5.3. Kafka Producer Service
Finally, after the initial configurations, we can create the driver application. Let’s first create the producer application:
public class ThermostatService {
private final KafkaTemplate<String, Double> kafkaTemplate;
public ThermostatService(KafkaTemplate<String, Double> kafkaTemplate) {
this.kafkaTemplate = kafkaTemplate;
}
public void measureCelsiusAndPublish(int numMeasurements) {
new Random().doubles(25, 35)
.limit(numMeasurements)
.forEach(tmp -> {
kafkaTemplate.send("celcius-scale-topic", tmp);
});
}
}
The ThermostatService contains a single method named measureCelsiusAndPublish. This method produces random temperature measurements in the range [25, 35] and publishes to the celsius-scale-topic Kafka topic. To achieve this, we use the doubles() method of the Random class to create a stream of random numbers. Then, we publish the event using the send() method of kafkaTemplate.
6. Producing and Consuming Events
In this section, we’ll see how to configure a Kafka consumer to read events from the topic using an embedded Kafka broker.
6.1. Create the Consumer Service
To consume events, we need one or more consumer classes. Let’s create one consumer of the celcius-scale-topic:
@Service
public class TemperatureConsumer {
Map<String, Set<String>> consumedRecords = new ConcurrentHashMap<>();
@KafkaListener(topics = "celcius-scale-topic", groupId = "group-1")
public void consumer1(ConsumerRecord<?, ?> consumerRecord) {
trackConsumedPartitions("consumer-1", consumerRecord.partition());
}
private void trackConsumedPartitions(String consumerName, int partitionNumber) {
consumedRecords.computeIfAbsent(consumerName, k -> new HashSet<>());
consumedRecords.computeIfPresent(consumerName, (k, v) -> {
v.add(String.valueOf(partitionNumber));
return v;
});
}
}
Our consumer1() method uses the @KafkaListener annotation to initiate the consumer. The topics argument is a list of topics to consume, while the groupId argument identifies the consumer group to which the consumer belongs.
To visualize the results later, we’ve used a ConcurrentHashMap to store the events consumed. The key corresponds to the consumer’s name, whereas the value contains the partitions that it consumed from.
6.2. Create the Test Class
Now, let’s create our integration test class:
@SpringBootTest(classes = ThermostatApplicationKafkaApp.class)
@EmbeddedKafka(partitions = 2, brokerProperties = {"listeners=PLAINTEXT://localhost:9092", "port=9092"})

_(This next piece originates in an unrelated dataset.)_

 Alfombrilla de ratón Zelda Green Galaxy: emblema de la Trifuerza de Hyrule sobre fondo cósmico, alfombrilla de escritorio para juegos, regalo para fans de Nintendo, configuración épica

public class KafkaTopicsAndPartitionsIntegrationTest {
@ClassRule
public static EmbeddedKafkaBroker embeddedKafka = new EmbeddedKafkaBroker(1, true, "multitype");
@Autowired
private ThermostatService service;
@Autowired
private TemperatureConsumer consumer;
@Test
public void givenTopic_andConsumerGroup_whenConsumersListenToEvents_thenConsumeItCorrectly() throws Exception {
service.measureCelsiusAndPublish(10000);
Thread.sleep(1000);
System.out.println(consumer.consumedRecords);
}
}
We’re using an embedded Kafka broker to run the test with Kafka. The @EmbeddedKafka annotation uses the argument brokerProperties to configure the URL and port the broker will run on. Then, we start the embedded broker using a JUnit rule in the EmbeddedKafkaBroker field.
Finally, in the test method, we call our thermostat service to produce 10,000 events.
We’ll use Thread.sleep() to wait 1 second after the events are produced. This ensures the consumers are properly set up in the broker to start processing messages.
Let’s see an example of the output we’ll get when we run the test:
{consumer-1=[0, 1]}
That means the same consumer processed all events in partitions 0 and 1 since we have only one consumer and one consumer group. This result may vary if there are more consumers in different consumer groups.
7. Conclusion
In this article, we’ve looked at the definitions of Kafka topics and partitions and how they relate to each other.
We’ve also illustrated a scenario of a consumer reading events from both partitions of a topic using an embedded Kafka broker.
As always, the example code is available over on GitHub.